╭─ Records for processing

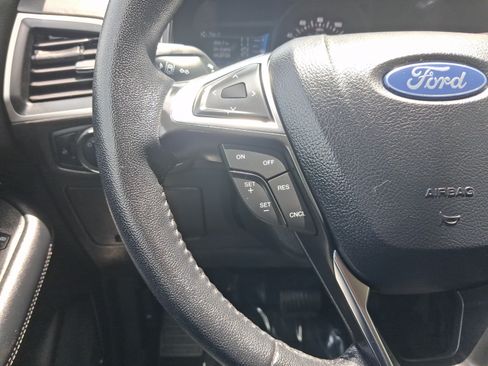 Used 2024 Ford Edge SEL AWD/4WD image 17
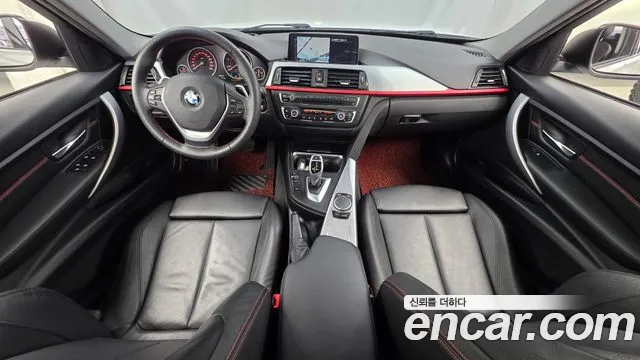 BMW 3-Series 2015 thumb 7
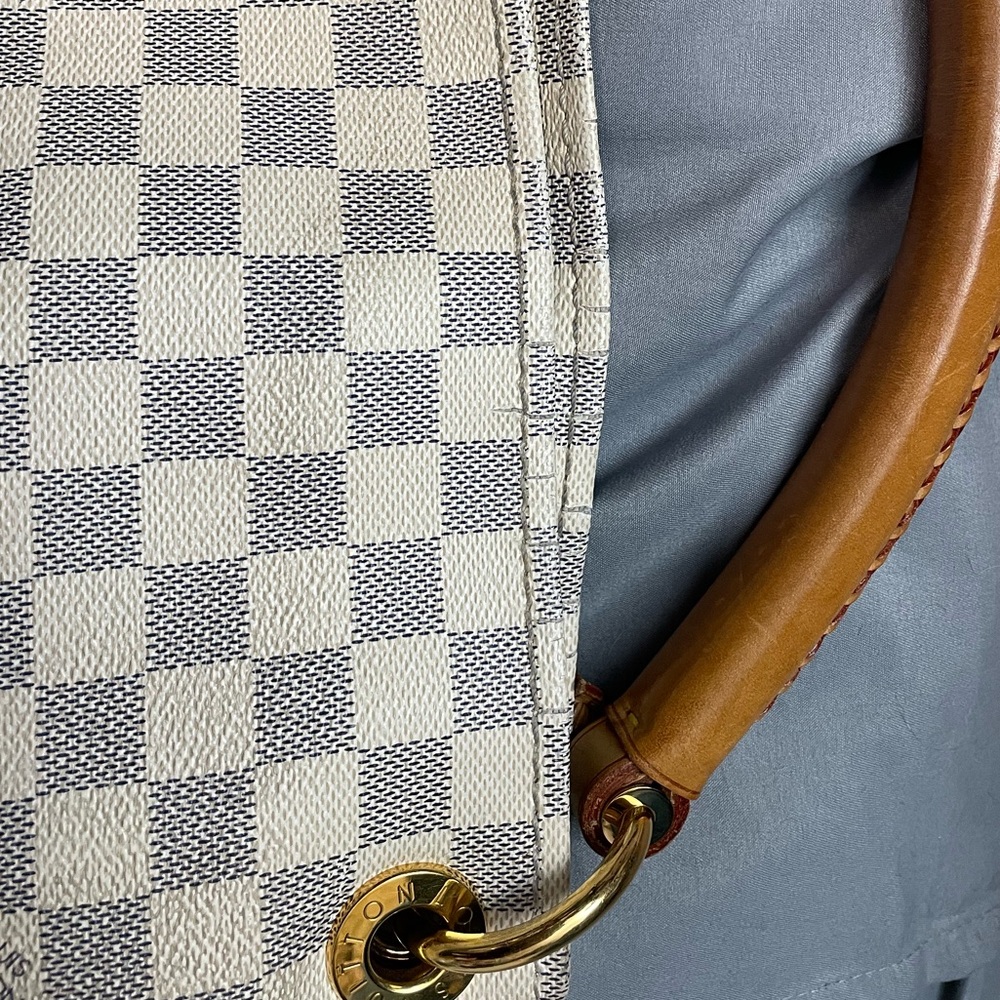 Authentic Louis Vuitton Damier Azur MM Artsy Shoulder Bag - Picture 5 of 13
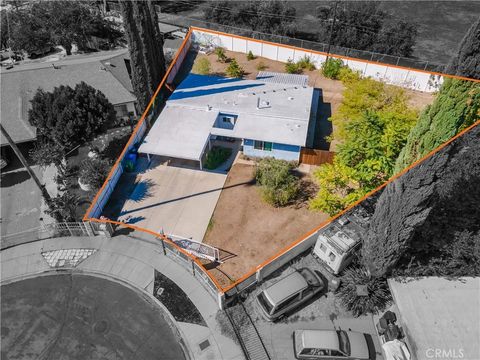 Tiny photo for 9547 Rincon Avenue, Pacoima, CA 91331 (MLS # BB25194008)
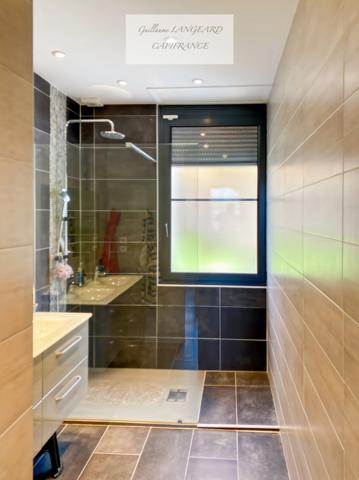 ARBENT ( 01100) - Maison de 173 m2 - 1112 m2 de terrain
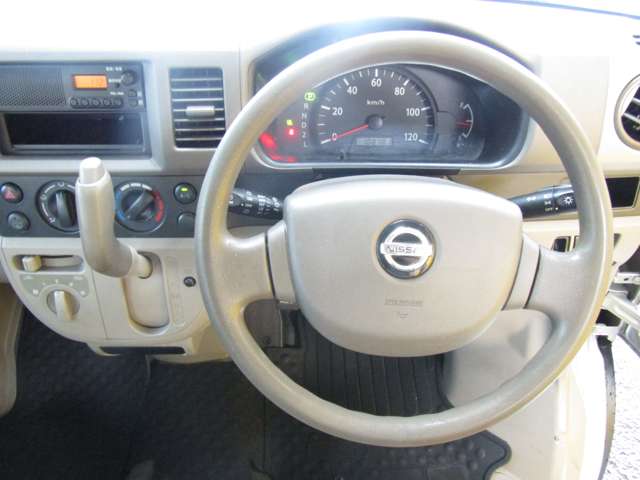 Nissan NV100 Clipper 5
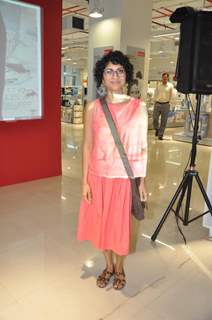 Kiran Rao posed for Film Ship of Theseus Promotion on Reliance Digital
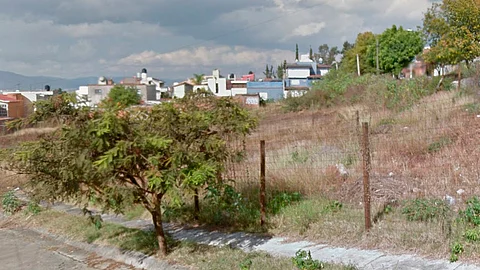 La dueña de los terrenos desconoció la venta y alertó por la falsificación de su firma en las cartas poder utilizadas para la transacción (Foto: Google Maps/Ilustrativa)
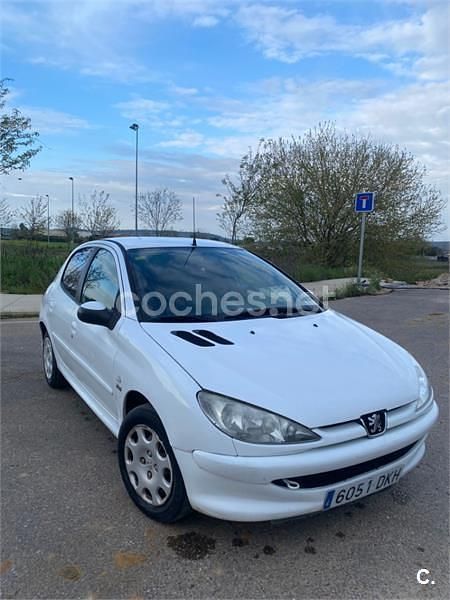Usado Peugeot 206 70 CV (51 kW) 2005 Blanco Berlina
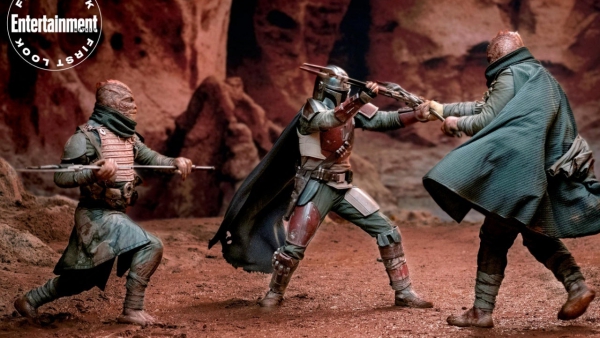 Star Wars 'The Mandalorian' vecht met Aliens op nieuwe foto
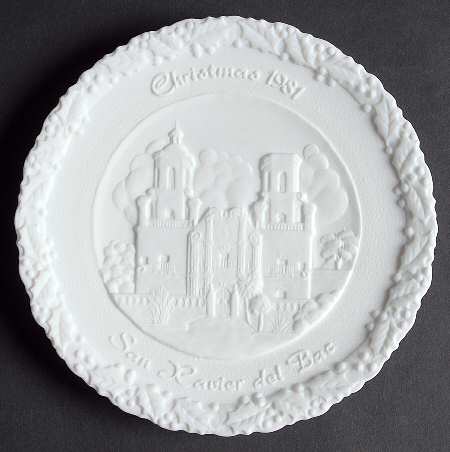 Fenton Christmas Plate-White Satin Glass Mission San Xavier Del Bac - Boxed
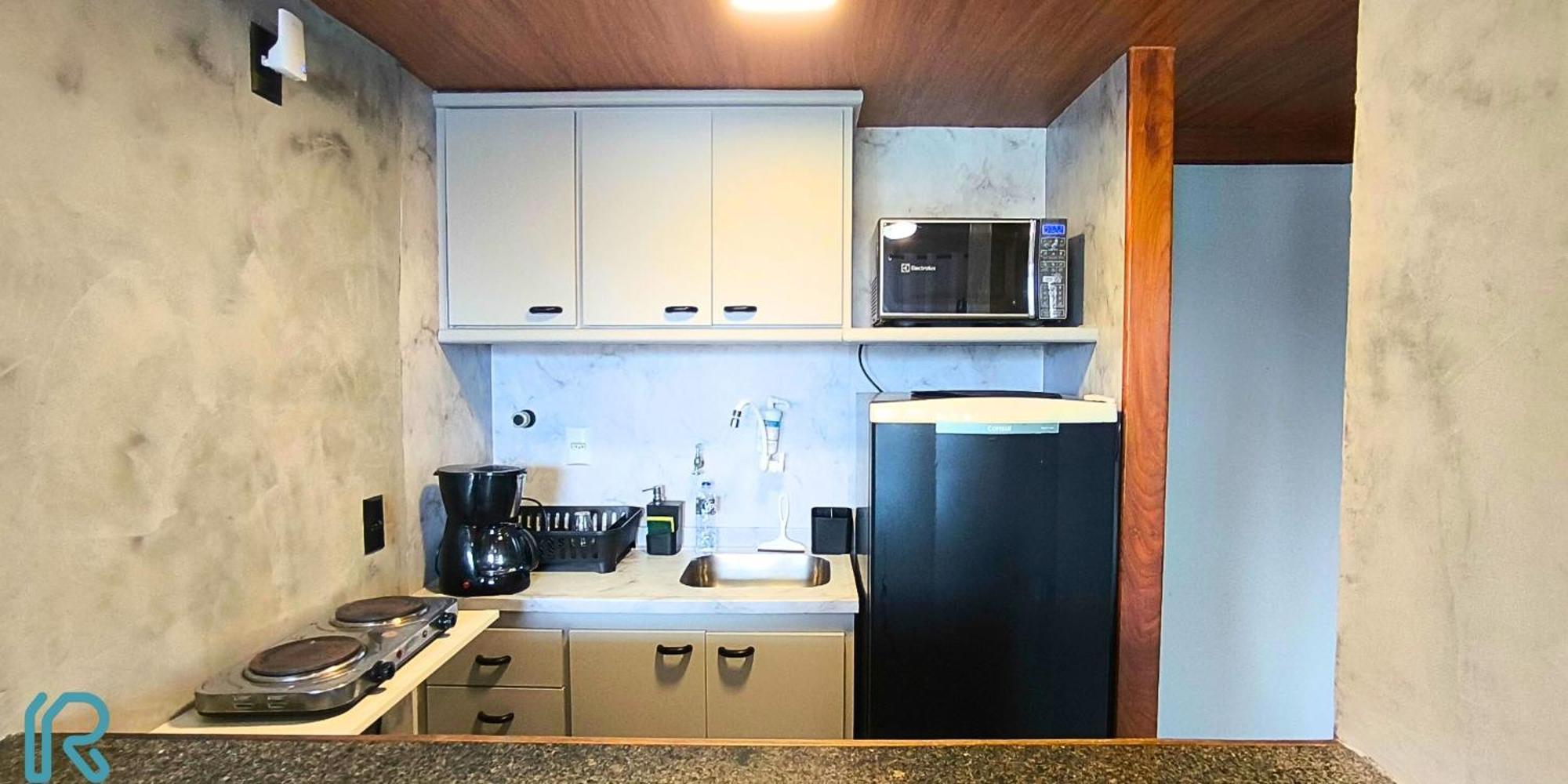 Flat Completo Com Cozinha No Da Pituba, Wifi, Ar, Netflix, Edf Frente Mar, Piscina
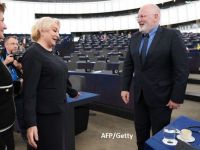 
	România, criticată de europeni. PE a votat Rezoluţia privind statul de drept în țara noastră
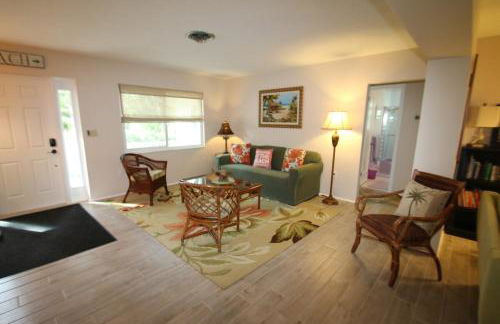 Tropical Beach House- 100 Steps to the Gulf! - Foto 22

╰─

_Assignment_.
Repeat the lines exactly as they stand, from the opening line of the data through the line with "Nissan NV100 Clipper 5". Pictures stay out of the copy.

_Answer_.
 Used 2024 Ford Edge SEL AWD/4WD image 17
 BMW 3-Series 2015 thumb 7
 Authentic Louis Vuitton Damier Azur MM Artsy Shoulder Bag - Picture 5 of 13
 Tiny photo for 9547 Rincon Avenue, Pacoima, CA 91331 (MLS # BB25194008)
 ARBENT ( 01100) - Maison de 173 m2 - 1112 m2 de terrain
 Nissan NV100 Clipper 5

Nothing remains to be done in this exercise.